Choreographer Stephanie Lake’s creative rebellion
Stephanie Lake was often a rebel, relying on her creative confidence to scrape her way through. The future star choreographer fronted up for her dance college audition in Melbourne without any formal ballet training. She had mainly performed in forests and warehouses in Launceston with a youth dance group.
Lake not only had no idea what she was doing at the ballet barre at the Victorian College of the Arts, she had to fight to stay in the course. She found the repetition torturous, the art form constraints frustrating and the constant view in the mirror troubling.
“I was utterly confused about the coordination of arms and legs in ballet,” she says, as she speaks in her Melbourne home. “I felt like everyone else knew the codes of this language; the teachers would just say a combination or demonstrate with their hands, but for me, there was a lot of faking it and pretending I knew what was happening.”
Twenty-five years after stumbling her way through her 1999 graduation, Lake’s work Circle Electric played in Melbourne in October as part of a double bill at The Australian Ballet, where she took up the role of resident choreographer this year.
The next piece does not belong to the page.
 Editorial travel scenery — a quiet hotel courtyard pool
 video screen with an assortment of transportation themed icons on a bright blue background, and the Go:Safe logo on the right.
She has a deep respect for these young dancers steeped in the formal technique she lacked.
She formed her eponymous Stephanie Lake Company a decade ago, touring high-energy, large-scale pieces such as Colossus and Manifesto, which brim with complex human emotions – but mostly with joy. The company’s latest work, The Chronicles, will feature 12 dancers and premiere in January at Sydney Festival and tour Melbourne, Adelaide and Brisbane.
It includes a soundscape by Lake’s long-time partner and collaborator, sound designer Robin Fox, that features the Sydney Children’s Choir singing the 1984 Alphaville hit Forever Young. While The Chronicles will delicately explore the fragility of life, Circle Electric requires the ballet dancers to scream at one another and the audience as a reflection of this divisive geopolitical moment. Some dancers privately confided to Lake they found the emotional outlet on stage cathartic.
The irony that Lake has landed an additional gig with a traditional dance institution is not lost upon her.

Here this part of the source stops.